Former City Manager Jerome Inderwies recently filed a lawsuit alleging he was defamed by the City of Cape May and two of its officials, Deputy Mayor Stacy Sheehan and City Manager Michael Voll. An article in the March 2nd edition of the Star & Wave detailed the charges in Mr. Inderwies’s complaint arising from certain stipend awards he made to City employees (including himself) in 2020. The awards were made in recognition of the employees’ work for the COAH (Council on Affordable Housing) program administered by the City.

 

Mr. Inderwies’ complaint centers on the defendants’ attempts to have his conduct in granting the awards characterized as criminal and pressing those assertions with state and local authorities to have Mr. Inderwies investigated and prosecuted. In the case of Deputy Mayor Sheehan, Mr. Inderwies also alleges her acts were in retaliation for his failure to re-appoint her brother, who had been demoted under a prior administration, as police chief.  Mr. Inderwies claims the acts taken to damage his reputation and standing in the local community were part of a conspiracy to prevent him from running for future office.

Despite his long-term contract, Mr. Inderwies effectively was removed from office at the outset of the new administration in 2021. He has consistently maintained that no criminal behavior was involved in the awards, a position that now seems to have been vindicated after investigations by the authorities last year resulted in no charges. Thus, considering his long-standing service to the City and his seemingly tarnished reputation over the past year, Mr. Inderwies’s filing of a defamation suit is understandable.

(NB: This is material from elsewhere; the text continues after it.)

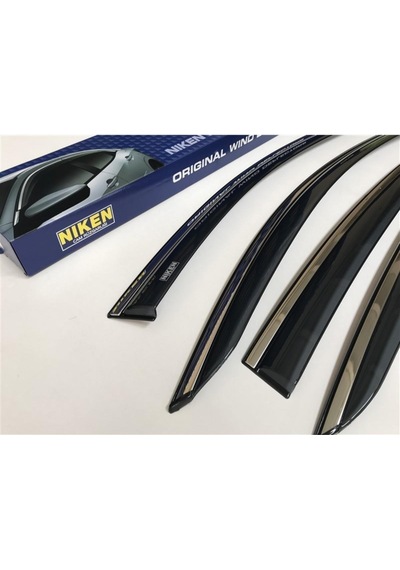 Honda Civic Fe1 Uyumlu Krom Çıtalı Cam Rüzgarlığı 2021-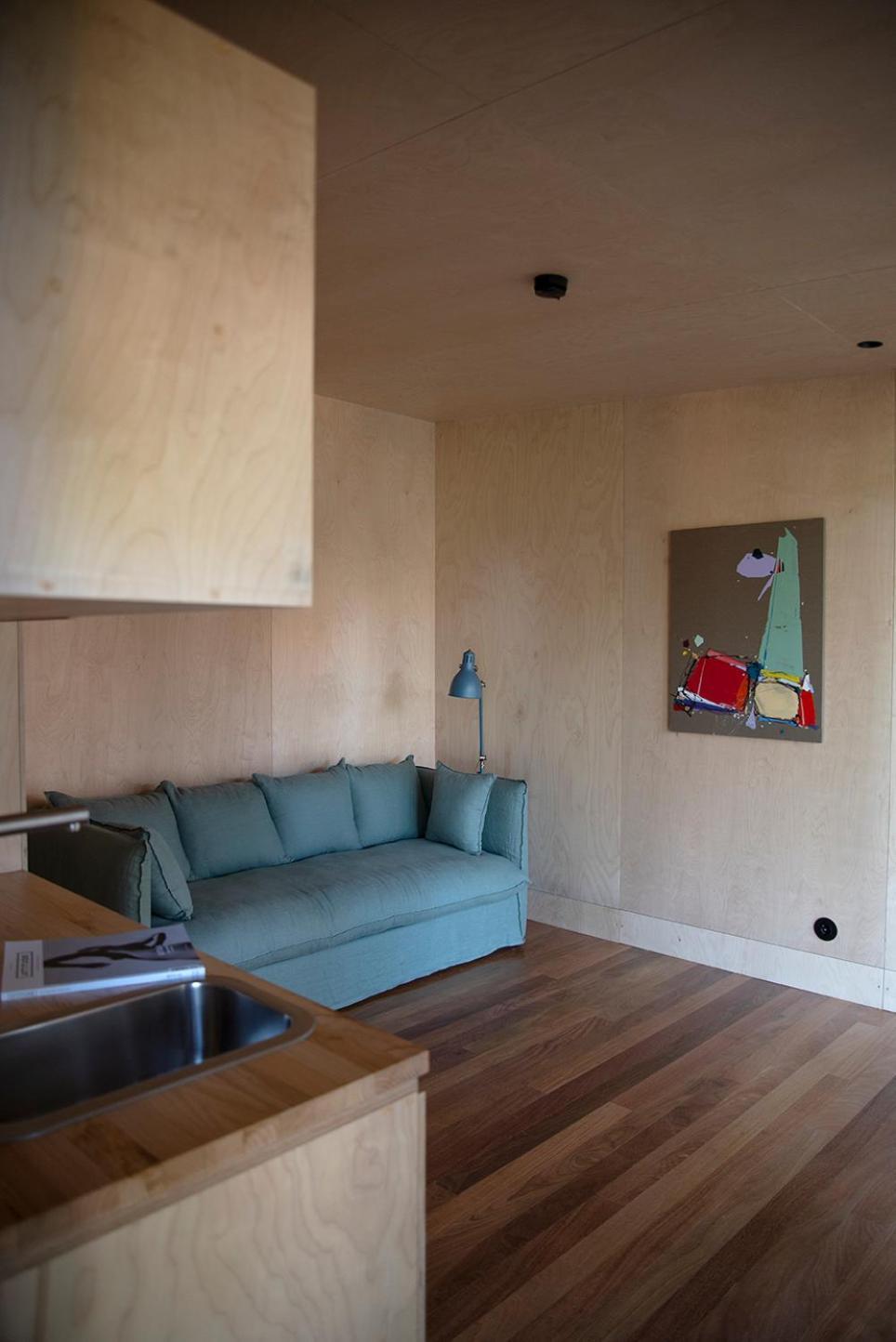 Wood Mood Lodges Cristelo  Rum bild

My purpose here is not to delve into the merits of Mr. Inderwies’ case, as it has just begun. His complaint states a sufficient cause of action for defamation, and if its averments are true, it would demonstrate reprehensible conduct that needs to be redressed. However, the brief statements in initial pleadings simply establish the legal sufficiency of the claims—they are not meant to provide detailed evidence. If the suit proceeds, fact development will take place in the discovery and trial phases of the litigation. At that point, additional material will come to light, including testimony given under oath. If the preponderance of the evidence supports Mr. Inderwies’s claims, he will win. If it does not, he will not.

Last week another article on this subject appeared in a local news blog that has consistently echoed the stipend impropriety mantra adopted by the current City administration. Unfortunately, that article misconstrued the nature of the legal process set in motion by Mr. Inderwies’s complaint. It also belittled the seriousness of the charges being leveled by characterizing them as a mere “laundry list of grievances,” and then it devoted most attention to exculpatory statements from the defendants and derogatory comments about Mr. Inderwies’s tactics and his counsel. In short, the article discounted the merits of the suit before it had any chance to unfold.

Mr. Inderwies’ case is important if only for the issues it raises about integrity in the Cape May City government, and thus it deserves the due process of the legal system. His claims should not be tried prematurely by journalists, no matter how appealing that may be to some more interested in spin-doctoring than serving justice.

“Trial by press” is inconsistent with our core value that justice is best served through the rule of law.